Using the player is also a little sluggish at times when compared with other Blu-ray devices we have tested.  However, the image quality and feature set of the player are excellent and the player is profile 2.0 compatible.  The television has no internal storage for downloaded BD-Live content so you will need to use a USB drive (Minimum 2GB) to take advantage of this feature.  The television has a LAN port to hook it up to your network but no WiFi.

The image quality of the panel is top notch.  We tested with the integrated Blu-ray as well as an external Blu-ray device and the difference was negligible.  We used a wide variety of films to test how well the television handled colour, contrast and motion and also used the Spears and Munsil professional test disc.  The results were impressive although we did have to turn off some of the eco-features, turn down the sharpness level and increase the backlight brightness to achieve the best image quality.  The unit handled colour exceptionally as shown in the film “Speed Racer”.  There were no overblown hues although we did turn the colour down just a little from the default setting.  The contrast was a mixed bag at first until we turned off some of the Eco-features (which we will go into a little later) but once optimal settings were achieved there was no detail loss in the darker scenes of “The Dark Knight”. 

 

This unit doesn’t have any 200Hz options as such but calls their motion control “film” modes.  These modes can be set to one of three settings from High to Low or can be turned off altogether.  At the highest setting the motion was smooth but it removed too much motion blur making the images look a little fake.  However, at the lowest setting the motion was excellent.
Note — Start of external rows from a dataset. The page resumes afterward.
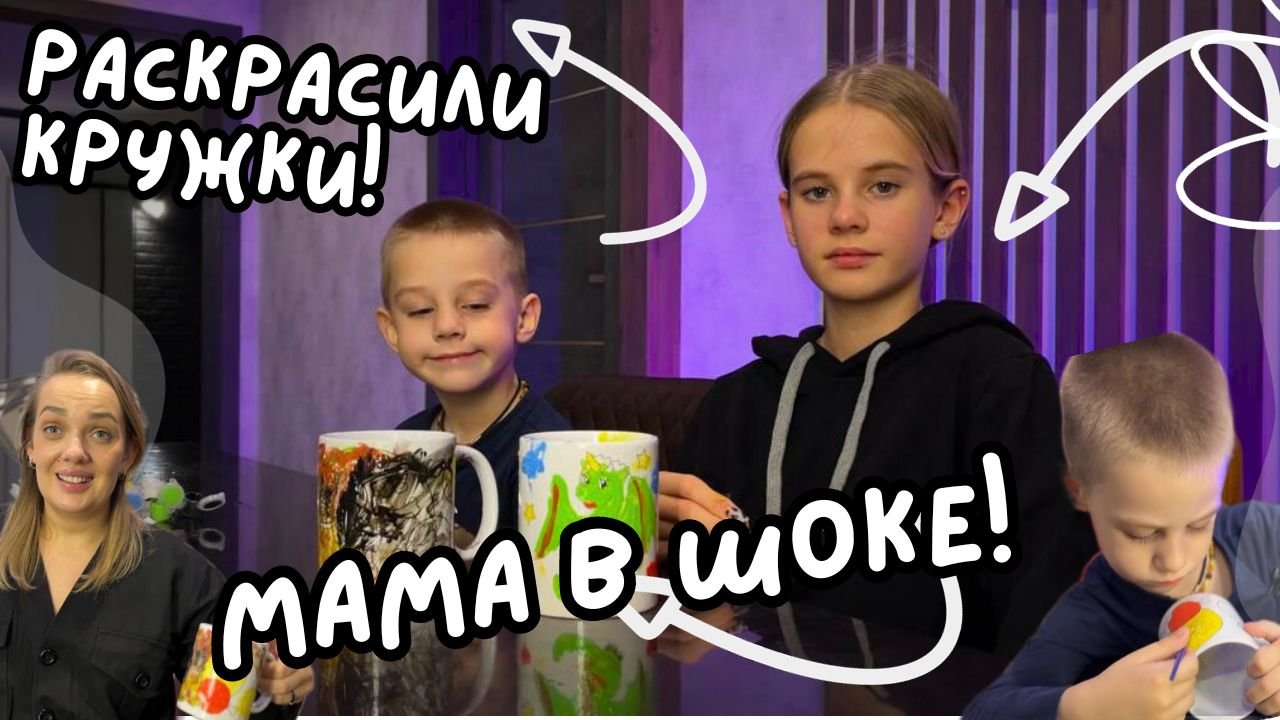 Раскрасили кружки ! Мама в шоке ?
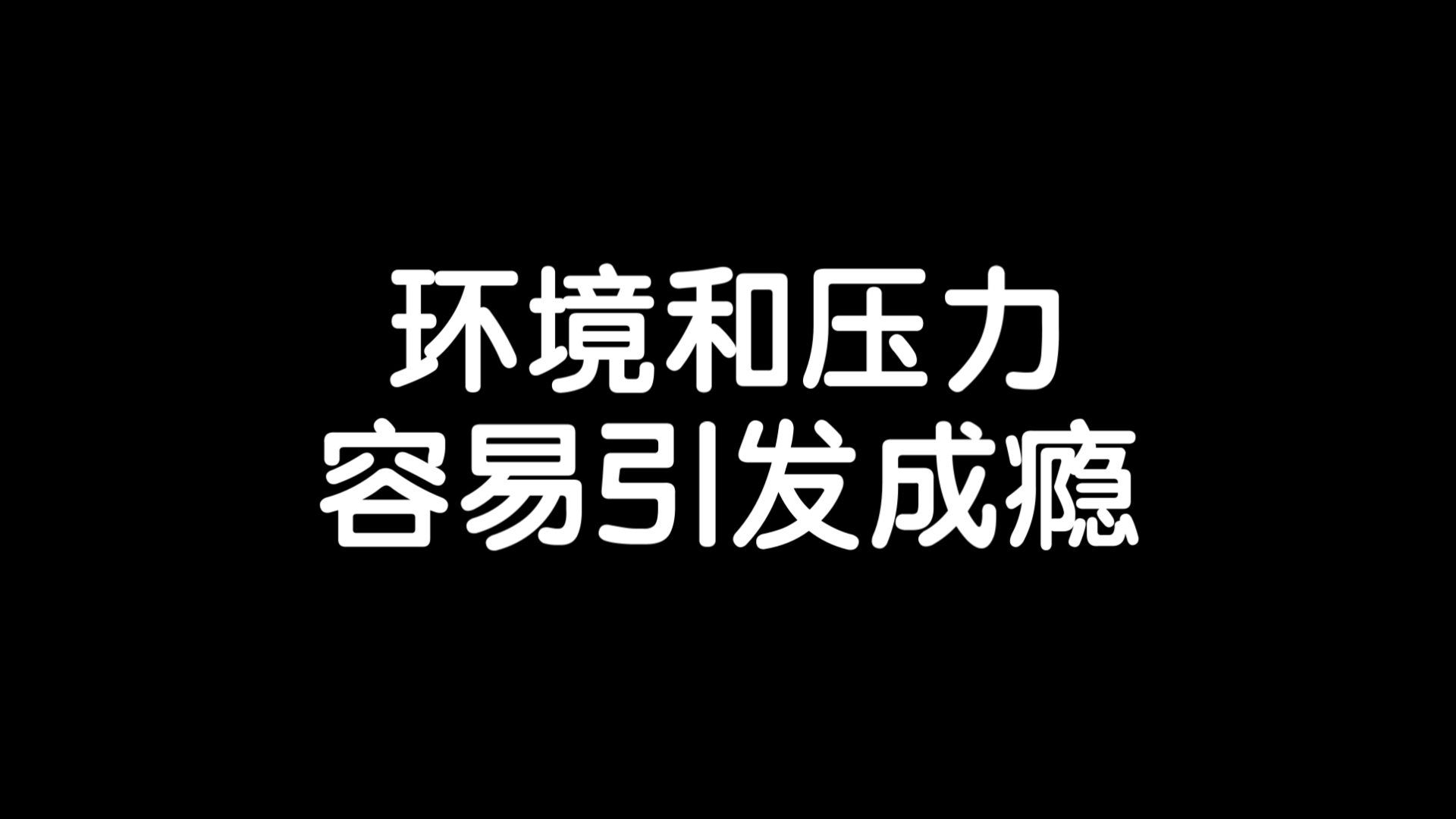 不安的环境促成人的脆弱和易感性/《空洞的心》读书笔记每日分享励志积极正能量人生体验成长心理学习勇敢思维热爱生活哔哩哔哩bilibili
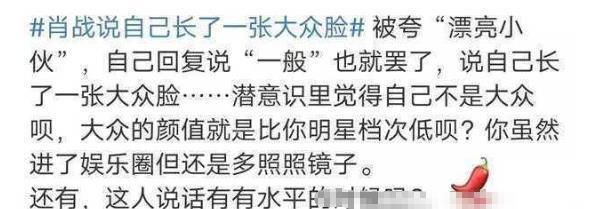 你好，13岁 推荐视频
There was still a little judder but it wasn’t distracting.  What setting you choose to use is subject to personal preference but it is good to see the option available to make that choice.

The LC-40LB700X achieves a six star energy rating thanks to its various ECO features. One of the most obvious is the backlight control which dims the backlights when the maximum setting is not needed.  In addition to lower power consumption this also increases the life of the backlights too. However, the dimming is noticeable and somewhat distracting so we tended to have it permanently disabled during testing. There are also ECO features designed for the Blu-ray player which turn the drive off completely when not in use and other ECO features like automatic shutdown when the TV has been inactive for a certain period of time.
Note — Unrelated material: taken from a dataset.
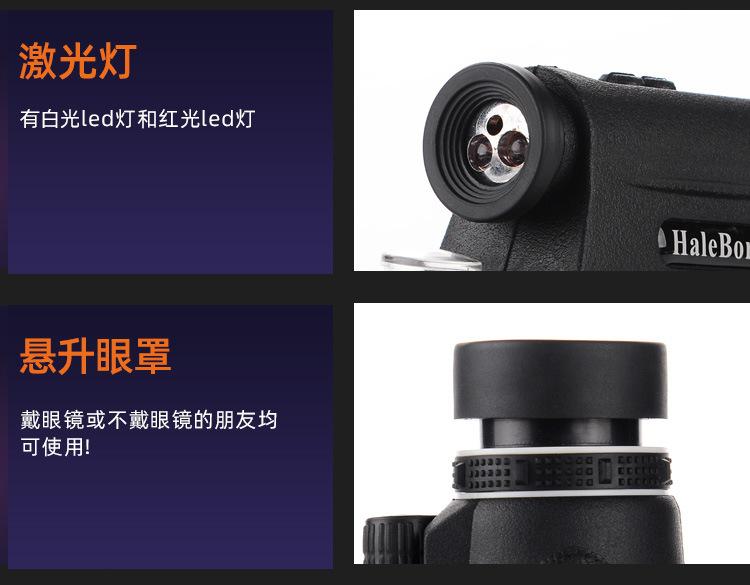 哈伦勃尔50X60_14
The integrated speakers do a goos job but aren’t particularly noteworthy. They can achieve high volume without any distortion but tend to feel a little flat and lacking in bass. The unit comes with a good number of audio options which can be enabled to improve the sound quality but naturally a home theatre system would be a better option.  That being said, the speakers are more than acceptable.

The connection options include three HDMI ports as well as two Component connections.  The Component can also be used for Composite as there is an additional Composite connection on the side of the unit.  There is also an S-Video connection as well.  PC input is handled by the standard D-Sub connector with a 3.5mm headphone jack for PC audio.  The unit also has optical audio passthrough which also allows the integrated Blu-ray player to output sound to a home theatre system.  There is also an Ethernet port to allow use of the BD-Live features but there is no DLNA network streaming or web widgets like the Samsung LED TV offerings.

 



The aesthetics of the unit are quite attractive, although it is much thicker than other LED TVs on the market.  That may be due to the integrated Blu-ray player though so this isn’t a bad thing at all.  The stand needs to be bolted on to the unit but it isn’t laborious to do so.
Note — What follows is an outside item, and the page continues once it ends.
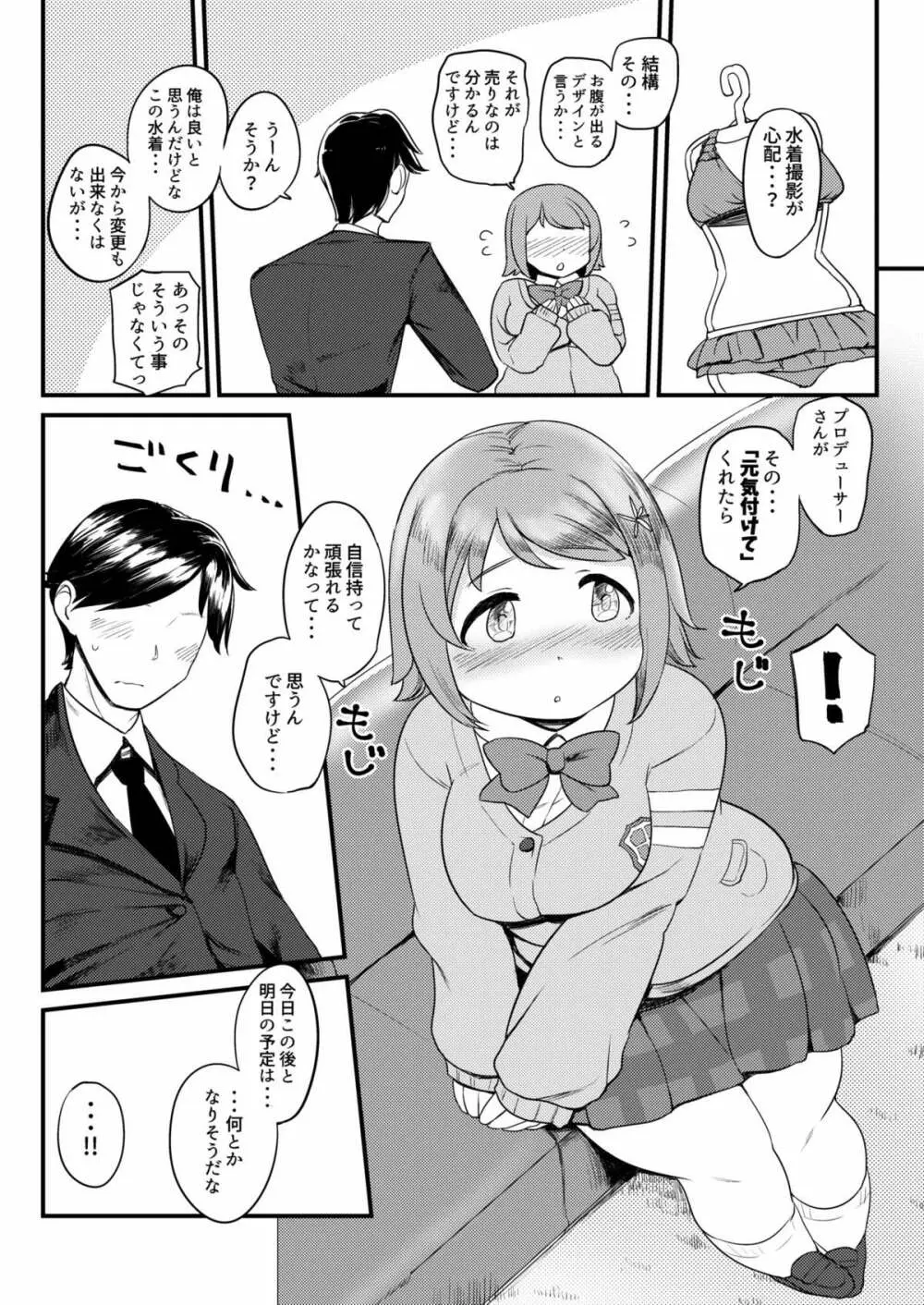 かなこのおなか。 Page.3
When it comes to image quality, this TV certainly competes brilliantly with other LED TVs available.  However, its appeal comes mainly from the integrated Blu-ray player which is able to play back Blu-ray films and upscale DVDs quite well.  The only complaint we have about this unit is the load times which need a lot of improvement.  Whether this can be done with a simple firmware update or if we have to wait for the next model to get faster load times remains to be seen.